Immediate Effects of Myofascial Release Treatment on Lumbar Microcirculation
The thoracolumbar fascia (TLF) is a complex structure in the dorsal trunk region that connects muscles and transmits forces. It has been implicated in nonspecific low back pain and limited range of motion due to its mechanical properties. Inflammatory processes within the TLF can lead to thickening, densification, and fibrosis, and recent studies suggest that morphological differences in TLF characteristics are critical factors in the development of nonspecific low back pain.
Recent studies have shown that the TLF has extensive sensory innervation and that morphological differences, such as echogenicity and disorganization, may contribute to sensory disturbances and pain.
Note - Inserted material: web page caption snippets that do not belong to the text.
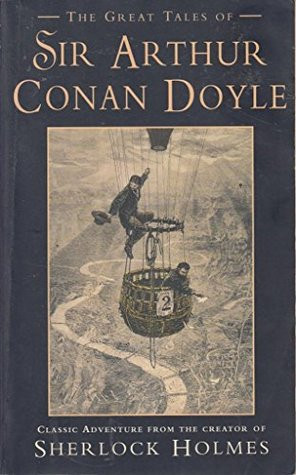 Arthur Conan Doyle / The Great Tales of Sir Arthur Conan Doyle (Large Paperback)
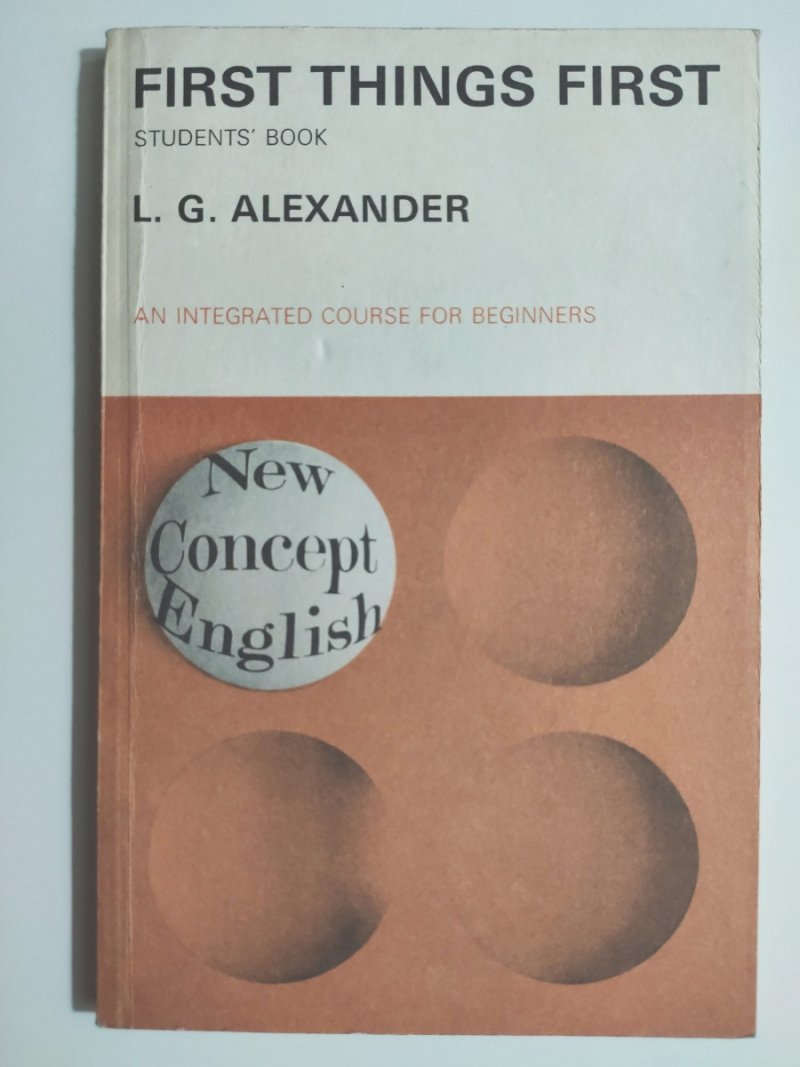 FIRST THINGS FIRST STUDENT’S BOOK - L. G. Alexander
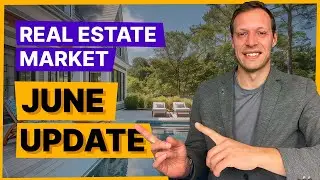 Real Estate Market Update June 2024
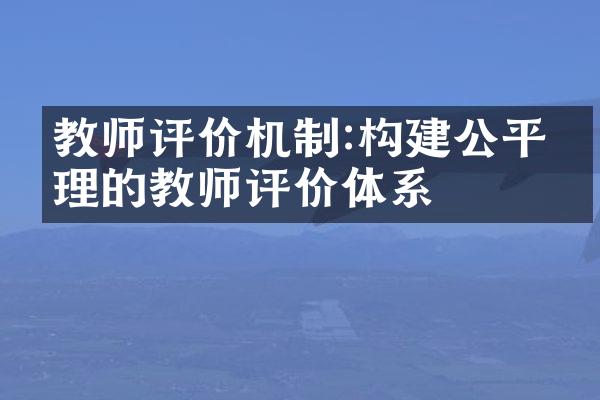 教师评价机制:构建公平合理的教师评价体系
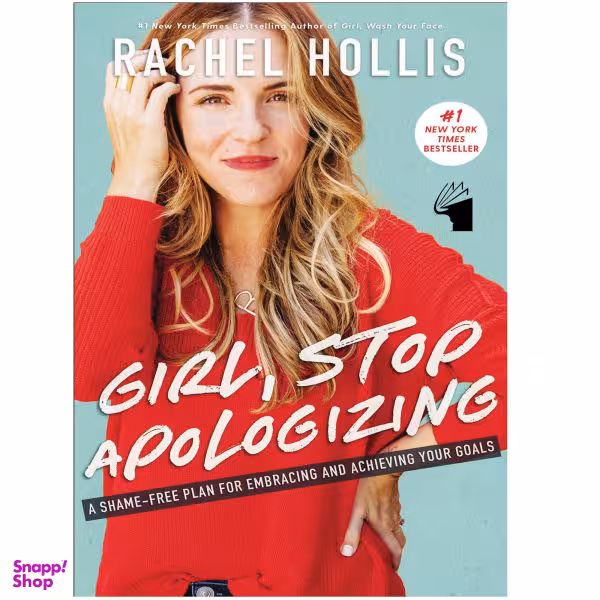 کتاب Girl، Stop Apologizing اثر Rachel Hollis انتشارات معیار علم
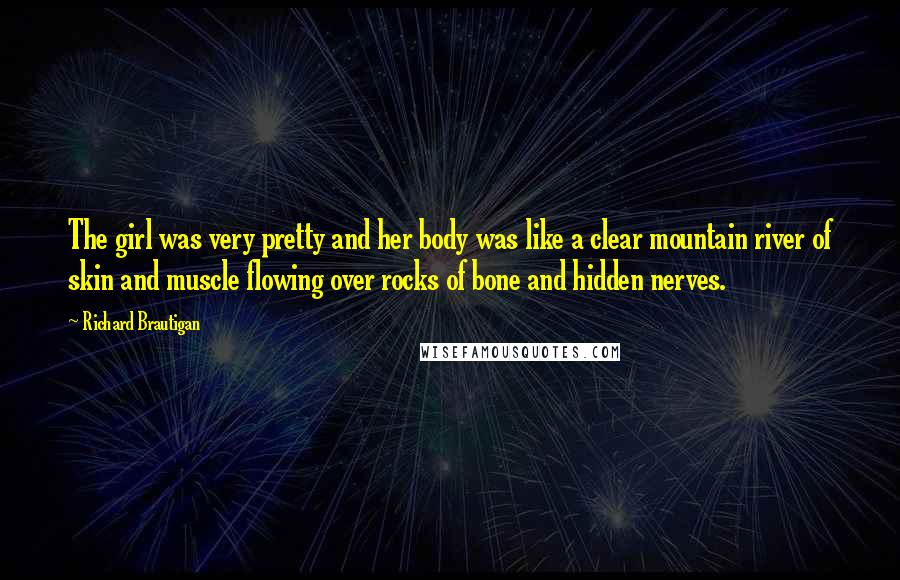 Richard Brautigan Quotes: The girl was very pretty and her body was like a clear mountain river of skin and muscle flowing over rocks of bone and hidden nerves.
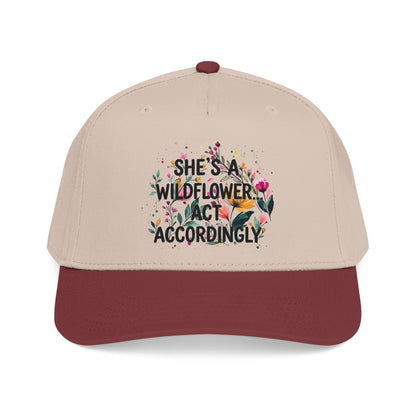 "She's A Wilflower Act Accordingly" — Baseball Cap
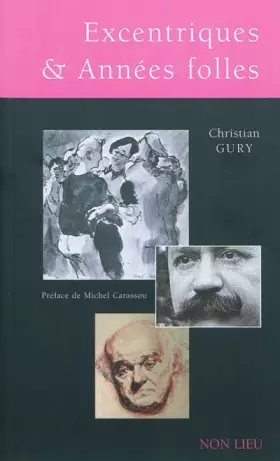 Excentriques et années folles -  Christian Gury et  Michel Carassou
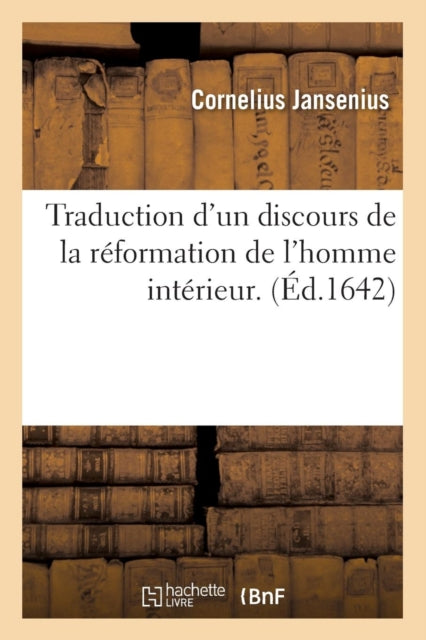 Book cover of: Traduction d'Un Discours de la Reformation de l'Homme Interieur . (Ed.1642)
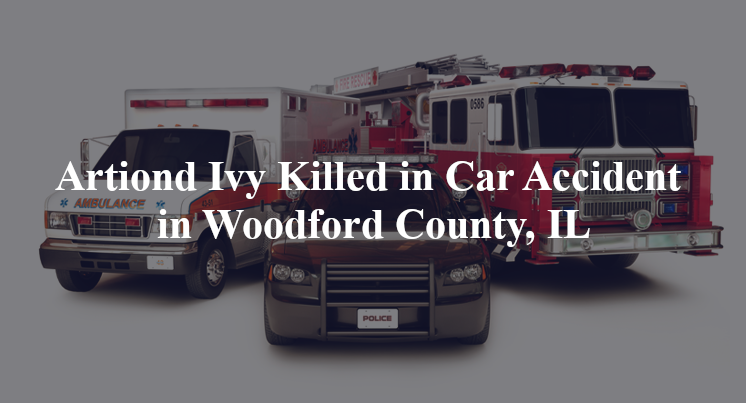 artiond ivy car accident woodford county il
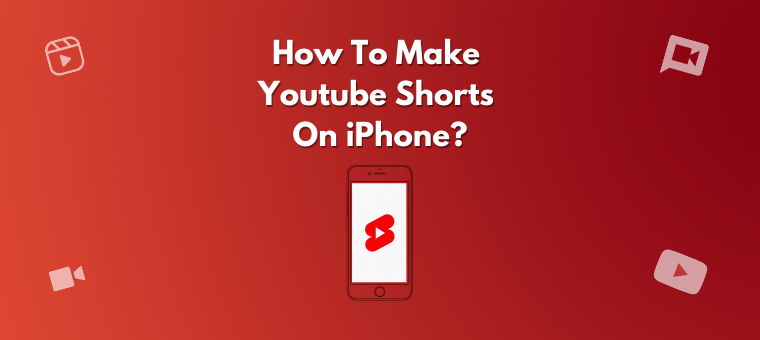 How to make youtube shorts on iphone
De Coninck et al. developed a scoring scheme of ultrasound images to evaluate the morphological characteristics of the TLF , the score is from 1 = “very disorganized” to 4 = “very organized”. They found that even inexperienced medical practitioners could reliably assess the organization of the TLF.
Blood circulation is critical for maintaining the function of the TLF, and a decrease in blood flow may trigger fascial degeneration. Fascial restrictions can also decrease blood flow. Physical activity, age, BMI, and neurological factors affect fascial blood flow and oxygen saturation. Postganglionic sympathetic fibers innervate the arterioles of the TLF and can act as vasoconstrictors.
Mechanical stimuli, such as myofascial release treatment, can lead to vasodilation by increasing capillary permeability. Blood circulation is an important variable in studying the relationship between physical activity, BMI, TLF morphology, and manual treatment. MFR treatment involves low force, slow speed mechanical shearing of the myofascial tissue, which is believed to result in lasting changes in fascial morphology and hydration. This method can trigger neuromuscular and neurovascular reflexes through numerous free nerve endings. Thus a new study specifically looked at the effects of MFR treatment on the blood microcirculation of TLF in vivo.
The study was published in Journal of Clinical Medicine, conducted by Department of Sports Medicine, Institute for Human Movement Science, Faculty for Psychology and Human Movement Science, University of Hamburg. It was a single-blind, randomized, placebo-controlled trial. Thirty pain-free subjects (40.5 ± 14.1 years) were randomly assigned to two groups treated with MFR or a placebo intervention.
The study found that myofascial release (MFR) treatment had a significant positive effect on blood flow (BF) in the thoracolumbar fascia (TLF) compared to a placebo (PLC) group. Bloodflow increased by 31.6% in the MFR group and decreased by 15.4% in the placebo group. The blood flow continued to increase in the MFR group during the 60-minute follow-up, while it remained relatively constant in the placebo group. The increase in blood flow likely improved oxygen and erythrocyte supply in the myofascial tissue. MFR treatment may stimulate free nerve endings with mechanoceptive, nociceptive, autonomic, and vascular functions in the fascial tissue, while the much gentler touch of PLC treatment likely affects only skin receptors.
The authors hypothesised that circulatory restrictions could lead to hypoxia-induced inflammation, which likely causes pain and impaired proprioceptive function and may contribute to the development of nLBP. MFR treatment could release fascial restrictions of blood vessels and free nerve endings.